Gaspard va au mariage

2017

France

1h43

de Antony Cordier.

avec Félix Moati (Gaspard), Laetitia Dosch (Laura), Christa Théret (Coline), Marina Foïs (Peggy), Johan Heldenbergh (Max), Guillaume Gouix (Virgil), Élodie BouchezNoémie Alazard-Vachet (Emilie la tatoueuse), Vincent Deniard (L'amoureux du mariage), Elsa Houben (Coline 13 ans)...
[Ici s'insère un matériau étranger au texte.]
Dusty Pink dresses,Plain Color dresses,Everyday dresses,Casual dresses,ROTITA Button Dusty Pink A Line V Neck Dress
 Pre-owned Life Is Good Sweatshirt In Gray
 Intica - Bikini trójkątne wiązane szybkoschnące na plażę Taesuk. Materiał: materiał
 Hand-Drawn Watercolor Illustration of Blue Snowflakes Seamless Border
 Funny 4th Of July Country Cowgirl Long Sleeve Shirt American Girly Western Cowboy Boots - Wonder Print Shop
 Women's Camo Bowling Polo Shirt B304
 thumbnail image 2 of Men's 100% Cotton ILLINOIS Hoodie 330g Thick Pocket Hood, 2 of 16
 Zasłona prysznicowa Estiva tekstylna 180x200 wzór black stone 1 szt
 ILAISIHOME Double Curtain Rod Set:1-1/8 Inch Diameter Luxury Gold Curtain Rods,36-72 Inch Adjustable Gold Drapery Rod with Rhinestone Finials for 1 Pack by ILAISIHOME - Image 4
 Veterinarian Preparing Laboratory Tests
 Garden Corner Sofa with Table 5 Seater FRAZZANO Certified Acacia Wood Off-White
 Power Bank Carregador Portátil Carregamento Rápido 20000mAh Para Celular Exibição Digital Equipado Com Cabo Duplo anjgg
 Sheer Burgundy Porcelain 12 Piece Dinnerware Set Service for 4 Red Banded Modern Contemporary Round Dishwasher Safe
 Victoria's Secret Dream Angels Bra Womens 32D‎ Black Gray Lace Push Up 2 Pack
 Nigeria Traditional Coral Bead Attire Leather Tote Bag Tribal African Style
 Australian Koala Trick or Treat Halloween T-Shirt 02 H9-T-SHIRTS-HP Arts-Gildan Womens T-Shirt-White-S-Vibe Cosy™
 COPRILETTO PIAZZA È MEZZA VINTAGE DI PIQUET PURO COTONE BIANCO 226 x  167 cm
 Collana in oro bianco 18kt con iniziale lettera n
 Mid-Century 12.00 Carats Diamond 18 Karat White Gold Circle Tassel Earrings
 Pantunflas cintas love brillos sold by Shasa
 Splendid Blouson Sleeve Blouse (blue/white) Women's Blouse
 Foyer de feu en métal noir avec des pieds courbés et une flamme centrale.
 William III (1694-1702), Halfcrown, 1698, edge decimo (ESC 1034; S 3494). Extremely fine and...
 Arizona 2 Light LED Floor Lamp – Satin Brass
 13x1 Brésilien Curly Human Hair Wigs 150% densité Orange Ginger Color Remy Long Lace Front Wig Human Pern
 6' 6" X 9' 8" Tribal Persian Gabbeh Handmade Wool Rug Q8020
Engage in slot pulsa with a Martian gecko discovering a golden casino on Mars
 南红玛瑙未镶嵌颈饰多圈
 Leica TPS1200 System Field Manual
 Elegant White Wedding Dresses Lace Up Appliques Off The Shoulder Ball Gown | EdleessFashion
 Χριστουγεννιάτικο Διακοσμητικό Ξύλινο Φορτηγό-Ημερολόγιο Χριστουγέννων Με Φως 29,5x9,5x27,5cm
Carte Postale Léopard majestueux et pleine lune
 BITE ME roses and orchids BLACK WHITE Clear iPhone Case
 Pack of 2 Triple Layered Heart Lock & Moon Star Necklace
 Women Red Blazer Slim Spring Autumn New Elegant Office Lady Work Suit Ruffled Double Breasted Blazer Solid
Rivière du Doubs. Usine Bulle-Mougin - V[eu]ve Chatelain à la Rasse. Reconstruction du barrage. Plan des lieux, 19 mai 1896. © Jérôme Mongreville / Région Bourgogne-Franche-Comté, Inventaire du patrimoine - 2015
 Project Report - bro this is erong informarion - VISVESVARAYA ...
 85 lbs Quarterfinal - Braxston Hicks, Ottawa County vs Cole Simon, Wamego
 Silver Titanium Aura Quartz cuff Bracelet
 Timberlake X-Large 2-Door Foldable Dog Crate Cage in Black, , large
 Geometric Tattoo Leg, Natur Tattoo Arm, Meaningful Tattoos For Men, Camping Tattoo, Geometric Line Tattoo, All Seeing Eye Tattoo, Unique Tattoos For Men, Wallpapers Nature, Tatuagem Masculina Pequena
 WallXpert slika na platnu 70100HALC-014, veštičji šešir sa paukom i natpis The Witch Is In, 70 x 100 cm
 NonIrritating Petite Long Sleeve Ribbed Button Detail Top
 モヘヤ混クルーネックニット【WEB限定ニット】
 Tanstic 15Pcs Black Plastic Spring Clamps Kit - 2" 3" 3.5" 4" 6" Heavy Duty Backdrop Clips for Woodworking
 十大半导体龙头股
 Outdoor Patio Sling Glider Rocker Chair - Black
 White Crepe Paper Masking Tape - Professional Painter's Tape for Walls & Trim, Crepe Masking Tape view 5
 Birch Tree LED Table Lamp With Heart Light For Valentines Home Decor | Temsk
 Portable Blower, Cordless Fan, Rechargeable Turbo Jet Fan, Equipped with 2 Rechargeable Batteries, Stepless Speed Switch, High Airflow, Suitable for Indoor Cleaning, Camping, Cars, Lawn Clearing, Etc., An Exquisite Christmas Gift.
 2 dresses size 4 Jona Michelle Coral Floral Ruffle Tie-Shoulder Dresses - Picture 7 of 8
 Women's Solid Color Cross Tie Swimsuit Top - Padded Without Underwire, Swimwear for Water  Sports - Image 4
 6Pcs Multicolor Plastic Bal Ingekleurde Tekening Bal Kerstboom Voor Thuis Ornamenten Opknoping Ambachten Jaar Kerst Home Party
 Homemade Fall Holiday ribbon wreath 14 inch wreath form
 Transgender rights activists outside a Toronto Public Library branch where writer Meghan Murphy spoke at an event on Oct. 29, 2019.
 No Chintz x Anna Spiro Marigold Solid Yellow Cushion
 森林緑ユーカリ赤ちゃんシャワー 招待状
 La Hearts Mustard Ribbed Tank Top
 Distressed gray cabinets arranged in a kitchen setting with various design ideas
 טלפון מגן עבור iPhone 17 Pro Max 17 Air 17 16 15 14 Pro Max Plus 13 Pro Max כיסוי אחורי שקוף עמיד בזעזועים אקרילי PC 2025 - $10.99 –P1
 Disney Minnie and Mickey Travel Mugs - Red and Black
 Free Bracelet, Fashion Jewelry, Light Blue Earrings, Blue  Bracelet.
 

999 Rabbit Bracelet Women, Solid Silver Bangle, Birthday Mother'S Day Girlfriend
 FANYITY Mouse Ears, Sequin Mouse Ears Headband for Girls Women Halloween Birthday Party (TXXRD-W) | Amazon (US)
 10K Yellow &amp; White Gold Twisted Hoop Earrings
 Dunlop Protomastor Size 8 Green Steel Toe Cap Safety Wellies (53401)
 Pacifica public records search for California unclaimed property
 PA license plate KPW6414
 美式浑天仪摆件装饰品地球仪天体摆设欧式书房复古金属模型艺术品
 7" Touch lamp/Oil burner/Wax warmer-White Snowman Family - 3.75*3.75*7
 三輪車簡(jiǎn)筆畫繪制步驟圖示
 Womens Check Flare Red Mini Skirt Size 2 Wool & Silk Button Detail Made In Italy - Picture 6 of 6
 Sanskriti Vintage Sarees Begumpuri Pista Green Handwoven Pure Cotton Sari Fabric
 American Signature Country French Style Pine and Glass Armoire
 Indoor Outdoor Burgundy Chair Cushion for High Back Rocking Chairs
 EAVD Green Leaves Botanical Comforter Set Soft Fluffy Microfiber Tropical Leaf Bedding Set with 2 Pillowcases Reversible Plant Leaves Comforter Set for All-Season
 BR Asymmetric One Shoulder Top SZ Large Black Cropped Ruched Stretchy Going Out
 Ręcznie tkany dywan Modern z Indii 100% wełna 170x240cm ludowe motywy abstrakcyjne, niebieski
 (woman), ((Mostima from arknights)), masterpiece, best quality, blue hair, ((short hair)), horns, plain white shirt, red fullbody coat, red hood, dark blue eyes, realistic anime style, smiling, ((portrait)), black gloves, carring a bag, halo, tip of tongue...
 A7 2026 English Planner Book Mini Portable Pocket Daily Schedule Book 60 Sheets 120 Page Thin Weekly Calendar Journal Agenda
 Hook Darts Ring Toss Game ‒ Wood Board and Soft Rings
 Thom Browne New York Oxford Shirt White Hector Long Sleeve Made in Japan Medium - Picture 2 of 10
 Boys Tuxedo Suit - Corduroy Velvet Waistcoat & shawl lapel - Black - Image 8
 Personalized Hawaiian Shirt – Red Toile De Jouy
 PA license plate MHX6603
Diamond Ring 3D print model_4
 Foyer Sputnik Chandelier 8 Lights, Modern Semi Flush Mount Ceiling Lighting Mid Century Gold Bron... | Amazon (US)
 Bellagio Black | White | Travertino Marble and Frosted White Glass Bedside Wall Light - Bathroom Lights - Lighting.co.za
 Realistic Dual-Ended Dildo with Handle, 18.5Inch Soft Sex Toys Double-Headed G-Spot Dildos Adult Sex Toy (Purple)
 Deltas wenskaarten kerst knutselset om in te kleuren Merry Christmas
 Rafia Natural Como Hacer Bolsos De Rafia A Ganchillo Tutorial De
Laura vagabonde à la campagne, quand elle se joint à un groupe d’activistes, qui s’enchaînent sur les voies en signe de protestation. C’est ainsi qu’elle rencontre Gaspard, un passager du train bloqué par les manifestants, qui doit rejoindre sa famille pour le mariage de son père. Il propose à Laura de se faire passer pour sa copine pendant quelques jours. Comme elle n’est nullement pressée, Laura accepte et se voit alors projetée dans le microcosme particulier d’un zoo... Le film nous captive dès les premières minutes. Un ton, une écriture, un son aussi, signé Thylacine, et une caméra mobile, près de ses personnages, capturant leur beauté, leur vulnérabilité, leur mélancolie, leur colère, leurs extases. Si le film prend le nom de Gaspard, c’est surtout parce que tous sont fous... de lui ? Porté par Félix Moati et surtout la folle dingue que l’on adore, Laetitia Dosch, Gaspard va au mariage est une délicieuse comédie centrée sur une famille pas comme les autres, entre l’étrangeté d’un père de famille volage mais amoureux (Johan Heldenbergh, vu dans Alabama Monroe), en passant par la belle-mère fière et droite (Marina Foïs, parfaite), le fils réfléchi et dévoué (Guillaume Gouix, particulièrement touchant) ou la soeur restée en partie dans l’enfance (magnifique Christa Théret). Troisième long métrage d’Antony Cordier, Gaspard va au mariage touche par sa modestie, sa fantaisie et sa justesse. Le cinéaste magnifie le faux couple Moati – Dosch, faisant de leurs atermoiements une danse séduisante, en captant leurs élans. Un film qui donne envie de tomber amoureux. Farfelu, original et d’une drôlerie infaillible.


La petite histoire

 Pour Gaspard va au mariage, Antony Cordier s'est inspiré d'un livre de son enfance contant la vie de Claude Caillé, créateur du zoo de la Palmyre, qui a en en partie inspiré le personnage de Max, le père. Le metteur en scène raconte : "C’était un autodidacte d’origine modeste qui partait en Afrique capturer des animaux et les ramenait en France pour les montrer dans les écoles. Il a ensuite créé deux zoos : l’un est devenu le plus grand d’Europe et l’autre a périclité. C’était une personnalité locale flamboyante. Je me souviens de lui qui accueillait les visiteurs de son zoo avec des anecdotes extraordinaires : « Tiens, je vais vous raconter la fois où j’ai fait 200 km avec un gorille sur le siège passager... ». C’était vraiment le zoo comme réservoir à fiction, le zoo comme machine à fabriquer des images surréalistes ! (...) Mais plutôt que de m’intéresser à la success story du plus grand zoo d’Europe, j’ai essayé d’imaginer l’histoire du zoo qui a périclité. Parce qu’on a tous l’impression de vivre la fin de quelque chose, non ? Comme Max."

Antony Cordier a tourné, en compagnie de son équipe, pendant six semaines dans le parc animalier du Reynou, dans le Limousin. Il s'agit d'un zoo à la structure modeste dans lequel une vingtaine de personnes travaille. "L’avantage, c’est qu’on pouvait se planter dans le zoo et regarder comment ils faisaient - le zoo n’a pas fermé pendant le tournage. On avait la matière documentaire sous les yeux. Quand Guillaume Gouix, au détour d’une scène, ramasse un papier et le met machinalement dans sa poche en ronchonnant, c’est parce qu’on a vu le personnel du zoo le faire, ce genre de tout petit détail ne vient pas à l’écriture", se rappelle le cinéaste.